SpaceX CRS-23 Dragon Returns Experiments on Brain, Muscles, Liver to Earth

Japanese astronaut Akihiko Hoshide works aboard the International Space Station. (Credit: NASA)

by Melissa Gaskill
International Space Station Program Research Office

HOUSTON — The 23rd SpaceX commercial resupply services mission returned samples from scientific experiments on the International Space Station. Back on Earth, scientists anticipate quick access to their experiments for additional observations and analyses.

Dragon undocked from the space station Sept. 30 and and splashed down near NASA’s Kennedy Space Center in Florida in the evening.

Read more about some of the experiment samples riding the Dragon back to Earth:

Two rings to shear them all

Researchers investigating the mechanisms of certain diseases on Earth must contend with the forces of gravity and the interaction between liquids and solid containers. These forces differ from such interfaces in the body, such as those in arteries and brain tissue, and can affect results. The Ring Sheared Drop (RSD) experiment developed a device that uses surface tension rather than a solid container to hold liquids, something possible only in microgravity. Researchers used the device to study protein aggregates called amyloid fibrils, which may be related to diseases such as Alzheimer’s, Parkinson’s, and type 2 diabetes. The device pins a drop of liquid between two rings and rotates one while keeping the other stationary to create shear flow, or a difference in velocity between adjacent liquid layers.

Previous research shows that this shear flow plays a significant role in formation of amyloid fibrils. The study confirmed that the surface tension concept of RSD works for containing protein solutions in space. Fluid extracted after each run is returning to Earth so researchers can determine the extent of protein fibril formation, study their structure, and compare both to what happens in ground-based controls. Results could improve the fundamental understanding of how amyloid fibrils form and are transported, as well as the effects of shear at fluid interfaces relevant to conditions in the body.

A drop of insulin solution contained by surface tension in the Ring Sheared Drop device. The RSD investigation studies protein aggregates called amyloid fibrils that play a role in diseases such as Alzheimer’s, Parkinson’s, prions, and type 2 diabetes. (Credits: Joe A. Adam and Patrick M. McMackin)

Muscling out atrophy

The Japan Aerospace Exploration Agency (JAXA) investigation Anti-Atrophy tests the ability of biomaterials to inhibit muscle atrophy in microgravity. The biomaterials include a muscle loss inhibitor and a material that can accelerate muscle growth. Cells cultured on the space station with and without biomaterials were fixed and stowed in the Minus Eighty Laboratory Freezer for ISS (MELFI) for return to Earth. Researchers plan to compare the two types of cultures to verify the effectiveness of the biomaterials. Results may lead to the production of pharmaceuticals to prevent muscle atrophy, not only for astronauts in space, but also for the elderly on Earth.

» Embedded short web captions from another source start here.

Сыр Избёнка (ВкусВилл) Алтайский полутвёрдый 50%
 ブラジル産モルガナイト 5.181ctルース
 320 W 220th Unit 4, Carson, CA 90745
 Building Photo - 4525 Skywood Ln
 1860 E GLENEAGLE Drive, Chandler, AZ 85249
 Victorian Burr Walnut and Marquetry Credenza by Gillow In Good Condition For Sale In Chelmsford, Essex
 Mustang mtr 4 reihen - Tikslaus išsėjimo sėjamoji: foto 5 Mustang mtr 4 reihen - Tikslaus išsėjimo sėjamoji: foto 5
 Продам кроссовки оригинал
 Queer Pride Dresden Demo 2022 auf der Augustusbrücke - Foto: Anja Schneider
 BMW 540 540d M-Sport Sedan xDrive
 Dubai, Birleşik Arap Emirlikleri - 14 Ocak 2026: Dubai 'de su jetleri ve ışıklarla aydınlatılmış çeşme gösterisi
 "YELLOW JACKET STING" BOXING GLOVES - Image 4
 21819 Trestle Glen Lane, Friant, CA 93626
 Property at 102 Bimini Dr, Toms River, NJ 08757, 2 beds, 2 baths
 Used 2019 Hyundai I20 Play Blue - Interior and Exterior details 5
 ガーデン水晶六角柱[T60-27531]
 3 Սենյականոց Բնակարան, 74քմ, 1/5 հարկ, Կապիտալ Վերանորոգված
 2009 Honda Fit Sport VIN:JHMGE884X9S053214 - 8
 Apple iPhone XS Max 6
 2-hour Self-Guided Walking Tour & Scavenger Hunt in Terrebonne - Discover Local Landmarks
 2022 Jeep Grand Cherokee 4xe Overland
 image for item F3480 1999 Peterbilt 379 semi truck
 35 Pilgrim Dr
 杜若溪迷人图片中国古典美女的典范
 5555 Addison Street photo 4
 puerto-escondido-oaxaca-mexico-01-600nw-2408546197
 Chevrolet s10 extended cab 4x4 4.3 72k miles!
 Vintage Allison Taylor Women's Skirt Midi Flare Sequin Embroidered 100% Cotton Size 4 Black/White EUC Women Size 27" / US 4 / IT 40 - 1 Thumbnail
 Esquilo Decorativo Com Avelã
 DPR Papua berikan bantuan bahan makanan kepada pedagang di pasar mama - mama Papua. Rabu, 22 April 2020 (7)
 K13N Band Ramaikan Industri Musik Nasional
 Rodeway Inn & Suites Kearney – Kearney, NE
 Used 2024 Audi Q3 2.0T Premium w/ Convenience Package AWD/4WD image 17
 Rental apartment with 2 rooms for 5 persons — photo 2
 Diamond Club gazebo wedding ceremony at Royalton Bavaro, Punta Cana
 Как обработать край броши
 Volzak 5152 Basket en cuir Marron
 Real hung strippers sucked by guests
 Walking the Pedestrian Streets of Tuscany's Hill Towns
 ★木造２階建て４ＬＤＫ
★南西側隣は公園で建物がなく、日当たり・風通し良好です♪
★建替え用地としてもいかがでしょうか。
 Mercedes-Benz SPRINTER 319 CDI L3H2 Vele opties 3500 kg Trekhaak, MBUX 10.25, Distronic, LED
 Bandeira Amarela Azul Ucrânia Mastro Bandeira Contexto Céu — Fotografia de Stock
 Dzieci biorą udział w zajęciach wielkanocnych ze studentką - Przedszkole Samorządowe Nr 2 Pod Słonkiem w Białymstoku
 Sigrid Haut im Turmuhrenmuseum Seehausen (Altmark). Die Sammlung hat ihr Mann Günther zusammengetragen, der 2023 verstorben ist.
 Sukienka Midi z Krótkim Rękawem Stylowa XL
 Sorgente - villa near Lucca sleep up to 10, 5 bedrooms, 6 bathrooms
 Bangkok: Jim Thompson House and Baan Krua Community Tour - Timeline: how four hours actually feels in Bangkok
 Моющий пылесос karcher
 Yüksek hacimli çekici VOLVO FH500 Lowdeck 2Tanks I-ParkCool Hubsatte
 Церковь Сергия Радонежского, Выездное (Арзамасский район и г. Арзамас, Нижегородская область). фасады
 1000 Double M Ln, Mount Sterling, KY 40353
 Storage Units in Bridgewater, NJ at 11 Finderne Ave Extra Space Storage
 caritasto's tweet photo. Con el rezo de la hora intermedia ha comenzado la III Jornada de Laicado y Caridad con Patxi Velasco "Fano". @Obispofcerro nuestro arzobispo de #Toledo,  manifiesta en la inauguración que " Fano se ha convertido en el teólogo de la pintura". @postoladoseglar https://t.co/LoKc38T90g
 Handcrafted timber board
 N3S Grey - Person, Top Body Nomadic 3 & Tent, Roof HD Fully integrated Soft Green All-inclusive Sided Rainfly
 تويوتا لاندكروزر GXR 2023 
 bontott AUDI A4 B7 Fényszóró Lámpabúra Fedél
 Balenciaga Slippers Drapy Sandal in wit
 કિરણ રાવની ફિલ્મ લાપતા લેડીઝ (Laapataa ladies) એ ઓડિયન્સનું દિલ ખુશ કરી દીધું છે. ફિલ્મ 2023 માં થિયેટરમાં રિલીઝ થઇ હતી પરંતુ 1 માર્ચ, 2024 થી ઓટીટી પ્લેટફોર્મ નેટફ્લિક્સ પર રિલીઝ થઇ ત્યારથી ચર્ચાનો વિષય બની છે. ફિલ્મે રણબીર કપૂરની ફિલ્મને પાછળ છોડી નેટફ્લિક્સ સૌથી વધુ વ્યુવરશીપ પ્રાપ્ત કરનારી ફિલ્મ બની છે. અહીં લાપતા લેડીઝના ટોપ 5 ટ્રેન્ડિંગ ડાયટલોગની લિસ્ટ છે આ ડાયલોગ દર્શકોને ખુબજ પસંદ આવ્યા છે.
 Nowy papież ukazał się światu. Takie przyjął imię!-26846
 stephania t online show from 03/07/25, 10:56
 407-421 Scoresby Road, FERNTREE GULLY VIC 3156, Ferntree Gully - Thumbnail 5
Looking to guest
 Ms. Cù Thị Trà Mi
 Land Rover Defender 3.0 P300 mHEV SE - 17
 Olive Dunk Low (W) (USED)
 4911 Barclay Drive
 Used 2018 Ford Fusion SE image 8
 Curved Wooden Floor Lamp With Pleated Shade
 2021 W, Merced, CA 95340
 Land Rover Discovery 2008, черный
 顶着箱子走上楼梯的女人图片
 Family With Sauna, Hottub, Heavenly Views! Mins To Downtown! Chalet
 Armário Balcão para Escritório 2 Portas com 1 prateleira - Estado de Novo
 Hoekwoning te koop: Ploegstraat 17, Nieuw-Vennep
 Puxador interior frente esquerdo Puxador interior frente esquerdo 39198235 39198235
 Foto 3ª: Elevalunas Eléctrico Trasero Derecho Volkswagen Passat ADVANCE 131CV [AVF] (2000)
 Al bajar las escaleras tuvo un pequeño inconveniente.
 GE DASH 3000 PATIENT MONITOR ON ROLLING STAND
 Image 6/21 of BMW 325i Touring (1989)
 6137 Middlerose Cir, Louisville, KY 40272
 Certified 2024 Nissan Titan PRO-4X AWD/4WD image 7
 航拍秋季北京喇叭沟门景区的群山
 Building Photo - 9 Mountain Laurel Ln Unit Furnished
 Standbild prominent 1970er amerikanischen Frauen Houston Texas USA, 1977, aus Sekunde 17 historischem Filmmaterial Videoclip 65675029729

This Aug. 20 tweet from @ISS_Research shows JAXA astronaut Akihido Hoshide working on the investigation.

Analyzing drug-metabolizing liver enzymes

Changes in levels of the liver enzymes can affect how the body metabolizes some drugs. Genes in Space-8 tests a technology for monitoring the expression of genes that control these critical enzymes. This test could lead to a better understanding of spaceflight-induced changes in liver gene expression and may support development of new therapies that can account for the body’s adaptations to spaceflight. Samples prepared on the ground launched frozen to the space station. Following each experiment run, images and videos were downlinked, and samples placed in cold stowage before return to Earth for further analysis.

The Genes in Space-8 study tests a Fluorescence Viewer measuring gene expression in space, which could improve medication delivery on future space missions. In the tubes, a fluorescent dye binds to double-stranded DNA. Raising the temperature melts the strands apart and eliminates the fluorescence. Lowering temperature reverses that effect. (Sped up 1000x) (Credits: Genes in Space)

A relatively new capability, returning time-sensitive experiments quickly to Earth allows scientists to look at samples sooner, before gravity has a chance to fully take effect, then follow up with more in-depth analysis at their home labs. Running ground controls and processing flight samples at the same Kennedy Space Center labs also provides more consistent results. With the quick turnaround, investigators also can modify an experiment, learning from the first round to plan for the next.